Kim Chandler/AP Photo
David Johnston, right, a worker at Mercedes, thanks UAW president Shawn Fain following a press conference in Tuscaloosa, Alabama, May 17, 2024, after workers at two Alabama Mercedes-Benz factories voted overwhelmingly against joining the United Auto Workers.
Well, it wasn’t a completely bad week for American workers. At Disneyland, the 1,700 guys and gals who walk around dressed as Donald and Daisy voted overwhelmingly to join Actors’ Equity. In Minnesota, after the legislature rewrote an absurdly convoluted law, 23,000 employees of the state university will now be able to unionize (and they almost surely will).
But there’s no disputing UAW president Shawn Fain’s characterization of his union’s defeat in the election at the Mercedes plants in Alabama: “It stings.”
Following on the UAW’s historic unionization victory at the Volkswagen factory in Chattanooga, labor’s expectations soared: The union had finally broken through the Mason-Dixon Line to win an election in the right-to-work-for-less South. To be sure, the Southern factories of the three legacy automakers with which the UAW has had contracts for more than 80 years were unionized under the terms of their nationwide contracts, and last year, the union also won the right to cover those companies’ new EV and battery factories as well. But to unionize the factories, mostly German, Japanese, and Korean-owned, that had set up shop in the South over the past 50 years: Those were battles the union had been fighting and losing for decades, until its victory at Chattanooga, under its new reform leadership.
So, yes: The abrupt and unexpected slamming on the brakes at Mercedes made clear that the corporate ancien régime was still a formidable foe. A few weeks before the election, Mercedes sacked its Alabama top man and brought in a new manager who raised wages and promised that the company would do better by its workers. It trotted out local folk heroes like U of A football coach Nick Saban to warn against the peril of unions (and say nothing of the U of A alums who’ve gone on to the NFL, where they’re all represented by a union). Public officials (invariably Republican) from Gov. Kay Ivey on down warned that going union would overturn the state’s carefully crafted economic model (its distinctive features, which also went unmentioned, being its failure to ever enact a minimum-wage law, its opposition to higher-paid work, and its legacy of slavery and convict labor). And the company itself used such tried-and-true tactics as compelling its employees to attend anti-union meetings—something that a number of progressive states have recently outlawed as a violation of workers’ First Amendment rights, but which remains standard practice across most of the nation. Not so in Germany, where a new law has forbidden German companies from obstructing their workers’ efforts to unionize even in their facilities outside Germany. And as is not the case in the U.S., the penalties for such violations include massive fines and possible loss of government contracts—which is why the UAW filed a complaint with Germany against Mercedes a few days before the votes were counted.

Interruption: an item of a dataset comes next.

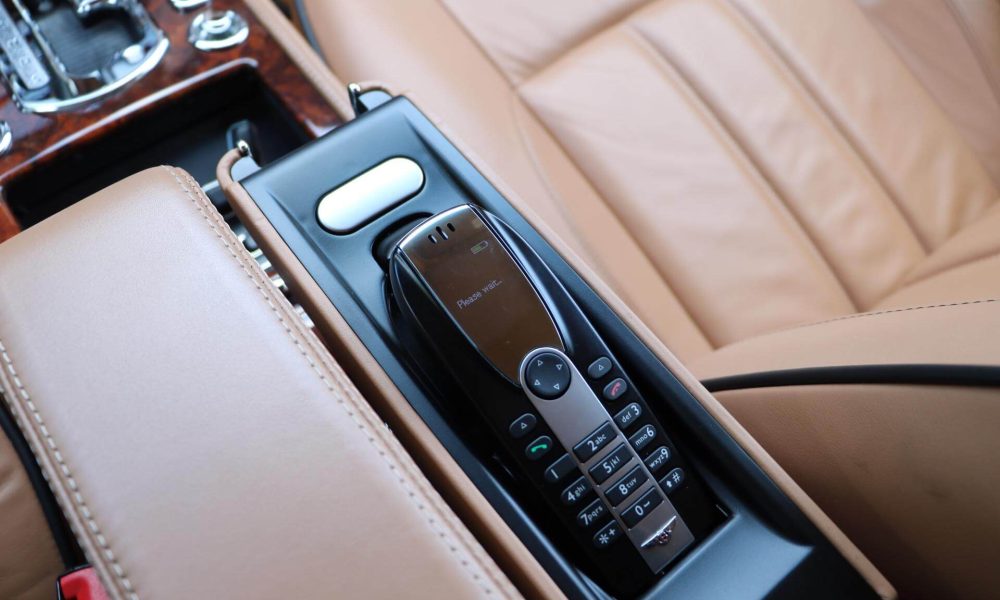 real-art-on-wheels-bentley-arnage-rl-32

It does no disservice to the UAW to note that Volkswagen was the lowest-hanging Southern fruit, particularly since it’s the one German company where a majority of the board seats (not just half, as is customary in Germany) are held by worker and governmental representatives. The German union IG Metall, which represents that nation’s autoworkers, is a formidable force and exerted some pressure on both VW and Mercedes not to oppose the UAW’s efforts, but only VW felt compelled to largely heed its recommendation.
The other foreign-owned factories in the South—Honda, Toyota, Hyundai, and the like—come from nations devoid of the laws that compel corporations to coexist with unions in Germany, for which reason they’re likely to oppose unionization efforts even more strenuously than Mercedes did.
So what’s a union to do?
Jane McAlevey of the UC Berkeley Labor Center has written that the union failed to mobilize sufficient community support to offset the politicos and football coaches who descended on the workers on the company’s behalf, and that it appeared to fall short of the level of supermajority support it needed to go to a vote. It may be, as she suggested, that the union, coming off its strike victory with the legacy three and its election victory at VW, was overconfident.
But absent some changes in labor laws, it’s still going to be an uphill slog to unionize private-sector manufacturing, retail, transportation, health care, and construction workers—all of whom management can illegally fire to deter unionization, so negligible are the penalties—no matter how good a job the union may do in its campaign. Joe Biden’s National Labor Relations Board has made the most pro-worker rulings since Harry Truman was president, but the kind of decisive restoration of workers’ rights that would really level the playing field still requires congressional action—and a judiciary that doesn’t reflexively favor management over workers. Until then, the UAW has proved that victories like the one at Chattanooga are possible, but only if they’ve done everything right and have some extra oomph that can be applied to the employer.